After finding Christy’s car parked at the rear of the garage, Beth made her way inside and called out, ‘Dad? Are you in here?’
Her voice echoed back at her. She flicked a switch and the light tube flickered a couple of times before the showroom was bathed in brightness.
‘Dad?’
No answer.
She made her way around the cars, wondering why they hadn’t been offloaded when the garage had closed, or why the bank hadn’t repossessed them. The door to the office was shut. She put her hand on the handle but didn’t depress it. Some internal warning system was clanging bells in her head, telling her to turn away. To run. To get the hell out.
She laid her ear against the door and listened. Silence.
‘Dad? Are you in there? I’ve been worried sick about you.’
She had no idea why she was talking to a wooden door. Stalling. She was the only living being in here. Now what had made her think that? But she knew. She knew before she opened the door that something horrific was on the other side.
Taking a deep breath, she swallowed her fear and entered the office.
The scream left her before she knew she had even opened her lips. A surge of vomit shot from her stomach to her mouth and she clamped a hand firmly there, keeping it from spewing outwards. Swallowing the acidic liquid, she found she was rooted to the spot. The urge to run to her father’s side was overwhelming, but she couldn’t move.
She sank to her knees and pulled her phone out of her pocket. Then she dialled 999.
The garage door was guarded by a uniformed officer, while another garda hunkered down beside the young woman who was seated in the squad car.
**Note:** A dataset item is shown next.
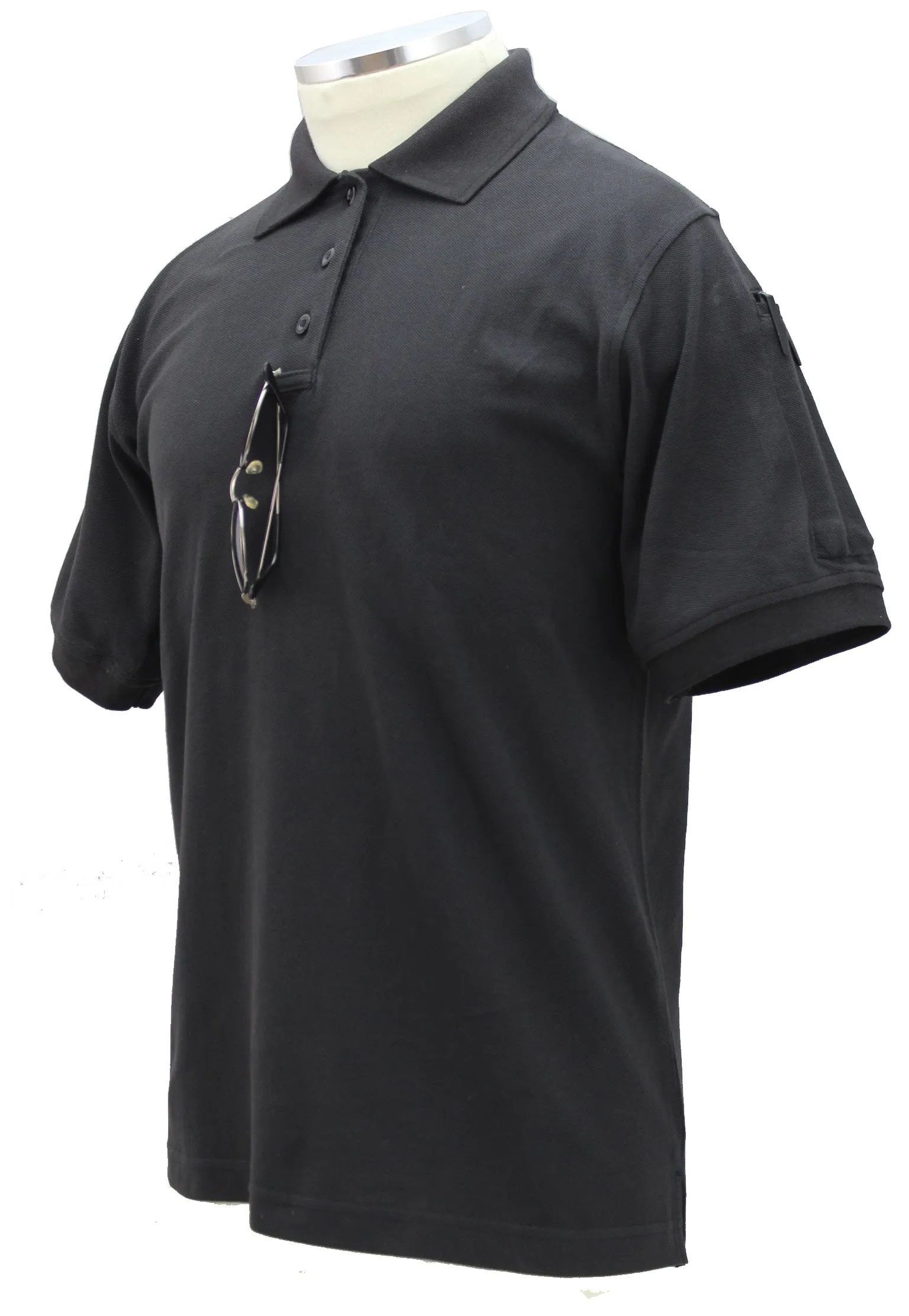 100% Cotton Elbeco Short Sleeve Polos for Men Black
Lottie jumped from the car before Boyd had time to pull the handbrake. She raced over to the squad car.
‘Beth,’ she said, addressing the tearful girl. ‘I think you should see a doctor. You’ve had an awful shock.’
When the two red eyes cut through her, Lottie turned and walked to the garage.
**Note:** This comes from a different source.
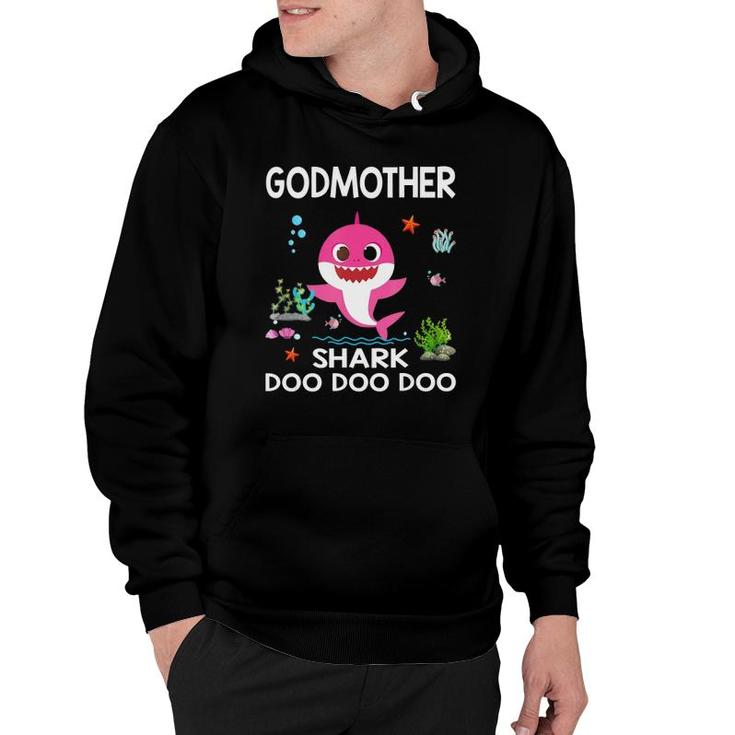 Mens Godmother Shark  Funny Mothers Day Gift For Kids Womens Hoodie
The uniformed garda signed her in.
‘No one enters unless I say so,’ she told him. ‘Got it?’
‘Got it.’
The garage was old-fashioned. No moder
n double-height glass walls with coffee machines and reception desks here. It was obvious even to someone who knew little or nothing about cars, as she did, that Clarke’s Garage had been unable to compete with the glossy showrooms in Ragmullin. She noticed, however, three Mercedes lined up along one wall and two BMWs at the other end. Not old bangers then. Odd.
‘What type of car business did Clarke run?’ she asked Boyd.
‘High-end, if this lot is anything to go by.’
‘You’d imagine when he closed down that he’d have sold the cars.’
‘Perhaps the bank took the garage and left everything here.’ Boyd glanced around, his eyes gleaming as he inclined his head to look in the window of the nearest Mercedes. ‘Or maybe he was just a useless businessman.’
‘Maybe,’ Lottie said. ‘Where’s the body?’
Boyd led the way to a door to their left. A man with a medical bag in his hand was on his way out.
‘I confirmed the death,’ he said and kept walking.
‘Who is he?’ Lottie said to the uniformed garda standing at the office door.
‘Local GP. We called him when the body was discovered.’
‘And Beth found the deceased?’
‘Yes, the young lady called 999. I was first on the scene. She was in a bad way.’
‘She was inside the office?’
‘On her knees at the door. Poor thing.’
‘Thanks,’ Lottie said, and entered the office.
The man lying across the chair was definitely dead. That much she could see from the lack of a face. Blood spatter on the wall behind him.
‘Gunshot?’ she said.
‘There’s a shotgun by his hand,’ Boyd said. ‘McGlynn is on his way.’
‘We’d better not venture in any further. McGlynn will have my guts for garters.’
‘You’re right there. But there’ve been plenty of people traipsing through here in the last few minutes; he’d have no reason to have a spat with you in particular.’
Lottie scanned everything that was visible to the naked eye. ‘I’d be inclined to call it a suicide, but after the two murders yesterday, we can’t be sure, can we?’